1.9. Attach the code to a chart: Once the code is successfully compiled, you can attach it to a chart by dragging and dropping it from the Navigator window onto the desired chart. Adjust the code's input parameters if necessary.
1.10. Enable live trading: To enable live trading with the code, ensure that the Auto Trading button in the toolbar is enabled (green). You may need to log in to your trading account within Metatrader 5 to enable live trading.
1.11. Start the code: Click the "Play" button in the toolbar or press F5 to start running the code on the attached chart.
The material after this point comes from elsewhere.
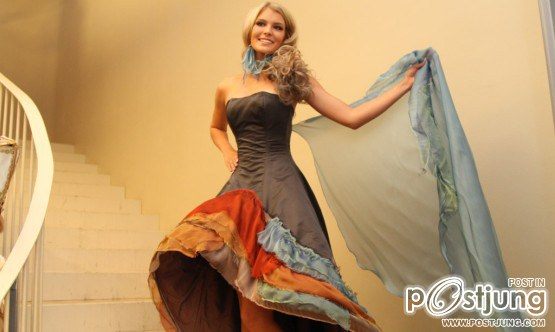 nland's National costume for MU 2011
These steps will guide you through the process of downloading, installing, and setting up Metatrader 5 to run the code using MQL5. Ensure that you have the necessary permissions and credentials to access the trading platform and start trading with the code. I used the stocks from the Brazilian Stock Index (Ibovespa), you may use any stocks that you see fit. In case you don't wish to download and setup the Metatrader into in your computer, I provided a backup from all the files generated in 2023.04.28 so you can unzip it and try for yourself in a folder that you designate the files.
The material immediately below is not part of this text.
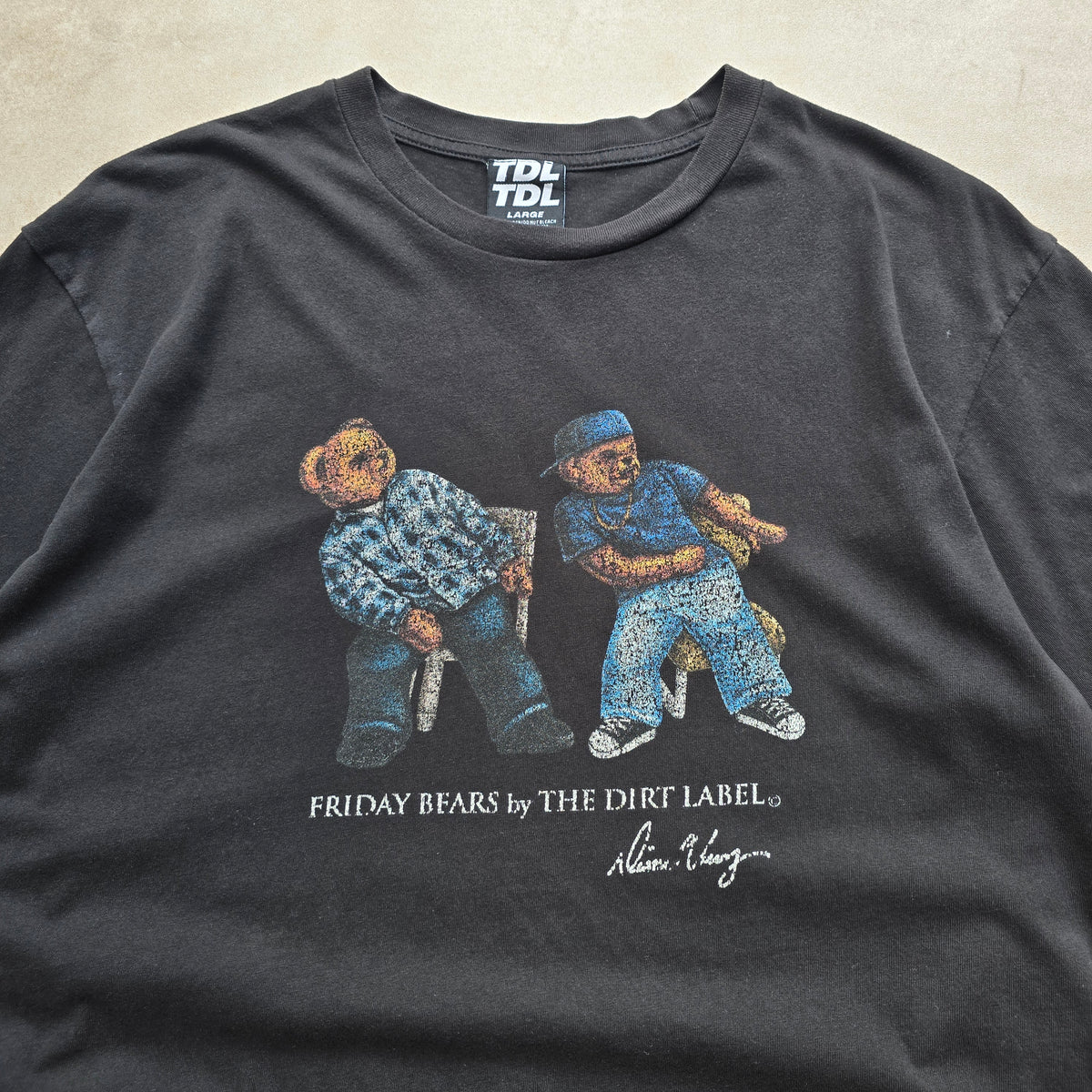 The Dirt Label Friday Bears Tee - L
2 - GCP - Google Cloud Platform

Below are the two main steps to setup the GCP platform.

2.1 - Setup GCP Project: Create a new project in the Google Cloud Console. Choose a meaningful name for your project and make note of the project ID.
2.2 - Create Service Account

To create a service account in Google Cloud Platform (GCP), follow these steps:

Go to the Google Cloud Console and navigate to IAM & Admin → Service Accounts.
Click on the Create Service Account button to create a new service account.
Enter a name and description for the service account, and click Create.
In the Service account permissions section, grant the following roles to the service account:
- Viewer: Allows viewing of resources in the project.
- Storage Admin: Provides management access to Google Cloud Storage resources.
- Storage Object Admin: Enables management of objects in Google Cloud Storage.
- BigQuery Admin: Gives administrative access to manage and administer BigQuery resources.
Click Continue to proceed.
On the service account details page, click the three dots (⋮) on the right side and select Manage keys.
Click on Add Key → Create new key.
Choose the JSON key type and click Create.
The key file will be downloaded to your local computer, which you can use for authentication and authorization purposes.
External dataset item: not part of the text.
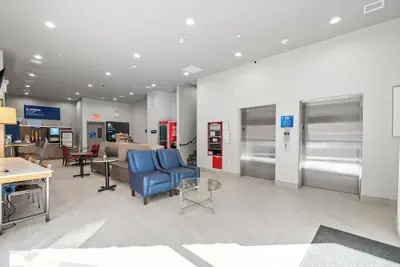 Photo 4 - Holiday Inn Express & Suites Bronx - Zoo Area by IHG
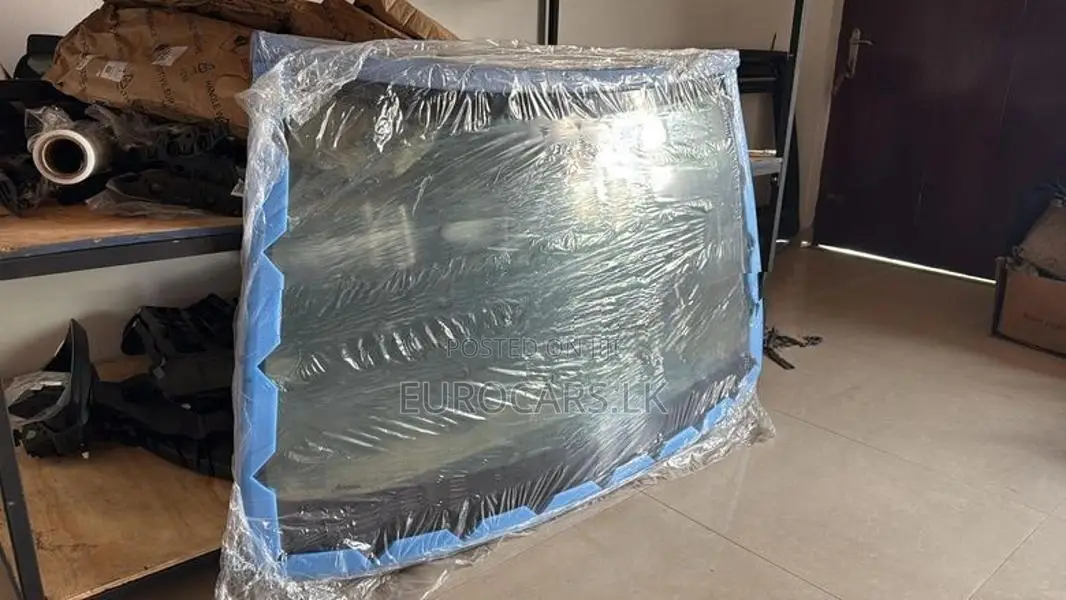 Mercedes C200 Genuine Windscreen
By following these steps, you will create a service account with the necessary roles and generate a JSON key file to authenticate and authorize your application or project to access the specified GCP resources.

3 - Terraform

To install and set up Terraform, follow these steps:

3.1. Download Terraform: Visit the official Terraform downloads page and download the appropriate Terraform package for your operating system.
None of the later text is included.